Repete-se a pergunta, mas como? É um golo fantasma, porque a bola rematada por Gomes entra realmente na baliza de Damas, por obra e graça do apanha-bolas José Maria Ferreira de Matos. A acção é rápida e o nevoeiro atrapalha Alder Dante, que consulta o fiscal-de-linha Baptista Fernandes e este lhe diz que é golo. Ou seja, o FCP empata 2-2 sem saber ler nem escrever. “Escrevi uma carta ao Conselho de Arbitragem”, justifica Alder Dante, “pois percebi que tinha colocado a pata na poça. Levei uma repreensão, a única que tive na carreira.” Quando o árbitro aponta para o meio-campo, escusado será dizer que a equipa toda do Sporting cai-lhe em cima e é necessária a intervenção do treinador Juca para pôr cobro a uma paragem de cinco minutos. Moral da história, 2-2.

Calma, há mais: o Sporting está reduzido a dez (Valter é expulso por palavras). E agora? Aos 74 minutos, há um canto para o Sporting e Baltasar aproveita para fixar o 3-2. É a vitória (improvável e grandiosa) do leão. Nem assim o Sporting deixa o caso do golo fantasma cair no esquecimento. Damas é o mais inconformado. “O árbitro cometeu dois erros clamorosos: validar um golo que um apanha-bolas me marcou e expulsar injustamente um digno profissional de futebol. É um facto que houve alguém do Sporting a gritar ‘palhaço’ para o árbitro, mas não foi o Valter.” O próprio Valter está incrédulo. “Juro pela saúde do meu filho que não chamei qualquer nome ao árbitro. Só lhe disse para consultar o fiscal de linha. Ele que seja sincero e escreva no relatório aquilo que se passou.”

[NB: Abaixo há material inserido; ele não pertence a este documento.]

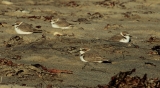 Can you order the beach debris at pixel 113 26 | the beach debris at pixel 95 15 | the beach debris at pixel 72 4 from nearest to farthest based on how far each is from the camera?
1. the beach debris at pixel 113 26
2. the beach debris at pixel 95 15
3. the beach debris at pixel 72 4

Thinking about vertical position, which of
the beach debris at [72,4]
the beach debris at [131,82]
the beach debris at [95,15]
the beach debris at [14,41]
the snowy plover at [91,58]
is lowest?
the beach debris at [131,82]

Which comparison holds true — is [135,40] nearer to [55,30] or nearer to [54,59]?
[55,30]

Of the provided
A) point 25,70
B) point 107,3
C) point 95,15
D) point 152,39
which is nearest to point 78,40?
point 152,39

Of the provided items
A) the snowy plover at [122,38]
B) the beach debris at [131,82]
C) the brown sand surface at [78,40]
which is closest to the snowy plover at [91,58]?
the brown sand surface at [78,40]

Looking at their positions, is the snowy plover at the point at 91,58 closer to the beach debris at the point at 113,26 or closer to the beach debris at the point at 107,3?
the beach debris at the point at 113,26

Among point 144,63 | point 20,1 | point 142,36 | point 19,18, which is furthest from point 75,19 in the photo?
point 144,63

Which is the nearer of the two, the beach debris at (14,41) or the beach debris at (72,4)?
the beach debris at (14,41)

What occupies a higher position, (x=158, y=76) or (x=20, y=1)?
(x=20, y=1)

Coincidências das coincidências, o Sporting viaja dois dias depois para Budapeste, onde joga com o Vasas para a Taça UEFA. Quem encontra no aeroporto? Esse mesmo, Alder Dante, a caminho da RFA, como fiscal-de-linha do Duisburgo-Levski Spartak, também da Taça UEFA. O sportinguista Tomé tem a palavra. “Aquilo foi pacífico, tranquilo, mas as bocas foram mais que muitas. Como íamos no mesmo voo, o Alder Dante ouviu das boas. Quem se sentou ao lado dele foi o José Mendes [defesa-central] e sempre que alguém passava por ali dizia-lhe [ao jogador] ‘epá, sai daí, não fales com o homem’”.

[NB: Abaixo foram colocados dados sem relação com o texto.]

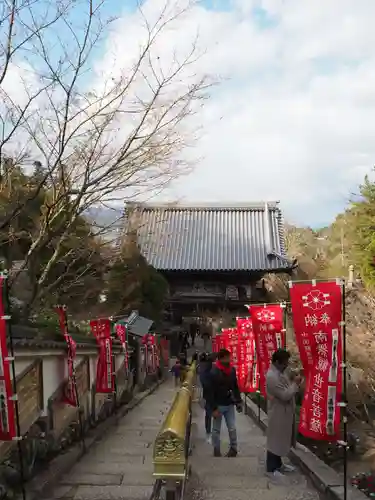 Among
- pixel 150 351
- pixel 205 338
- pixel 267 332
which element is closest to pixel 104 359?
pixel 267 332

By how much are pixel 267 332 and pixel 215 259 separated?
912 inches

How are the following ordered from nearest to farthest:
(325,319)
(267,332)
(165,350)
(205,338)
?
(325,319)
(267,332)
(165,350)
(205,338)

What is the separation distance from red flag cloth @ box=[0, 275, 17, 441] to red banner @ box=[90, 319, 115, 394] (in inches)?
248

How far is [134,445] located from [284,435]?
13.1 feet

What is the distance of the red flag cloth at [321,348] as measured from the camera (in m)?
5.71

Por falar nisso, quem é afinal o homem do golo? Chama-se José Maria Ferreira de Matos. Muitos anos depois desse golo, atribuído a Gomes, é empregado de mesa no restaurante Império, em Lisboa, e conta tudo numa entrevista tintim por tintim ao jornalista Franciso Sá, do Jornal Sporting. “Lembro-me do intenso nevoeiro. Antes do jogo, o chefe dos apanha-bolas, o Valter Leitão, distribuiu-nos pelo campo e mandou-me para trás da baliza. Recordo-me que o Sporting começou a ganhar. Na segunda parte, a vantagem continuava do Sporting, mas nunca pensei em fazer o que acabaria por fazer. Eu era conhecido pelas asneiras que fazia, mas também nunca ninguém pensou que fizesse o que fiz.”

Como foi o lance?
Não sei bem como a bola chegou a mim, mas sei que ela veio ter comigo e vi o Gomes a pôr as mãos na cabeça. Sem pensar, dei uns passos e fui até ao canto da baliza, meti a bola lá dentro e fugi para o mais longe possível. Então, vejo o Damas a ralhar comigo, mas eu pirei-me para trás do ‘bandeirinha’; ele já tinha a bandeirola no ar a assinalar o golo. Foi quando os jogadores do Sporting correram para o árbitro, a reclamar. Aí o juiz, que julgo não ter visto bem o lance, começou a mostrar cartões.
Porque razão meteu a bola na baliza?
Foi tudo muito rápido. O FC Porto estava a perder, a bola estava na minha mão e então pensei: vou metê-la lá para dentro e vou-me pirar. Foi um daqueles momentos em que se faz, ou não se faz; optei por fazer e já não dava para voltar atrás. Aconteceu numa fracção de segundo.
Depois de meter o golo, o que pensou?
Eu só queria que não me «topassem». Felizmente, ou infelizmente, o árbitro marcou e eu saí impune. Tenho pena do Damas, que não teve culpa nenhuma e sofreu um golo ilegal.
E se visse o árbitro desse encontro?
Não sei… Gostava de estar com ele para lhe confessar que fui mesmo eu a marcar o golo e não o Gomes. Eu tenho quase a certeza de que ele não conseguiu ver o lance como realmente aconteceu, pois estava um nevoeiro muito intenso. Também gostava de falar com o fiscal de linha; foi ele quem assinalou o golo e foi para trás dele que eu «fugi» depois de fazer o que fiz.
Acha mesmo que o árbitro não viu nada?
Julgo que não. Tenho ideia de ver o fiscal de linha levantar a bandeirola e validar o golo do FC Porto. Depois, lembro-me de ver o Damas e outros jogadores a correrem para o árbitro e sei que houve cartões mostrados. Nessa altura, já eu estava «escondido» atrás do fiscal. Só aí é que percebi o que tinha feito, mas pensei,”já está, já está!” Não havia nada que eu pudesse fazer.
Alguma vez falou com o Fernando Gomes sobre a autoria do golo?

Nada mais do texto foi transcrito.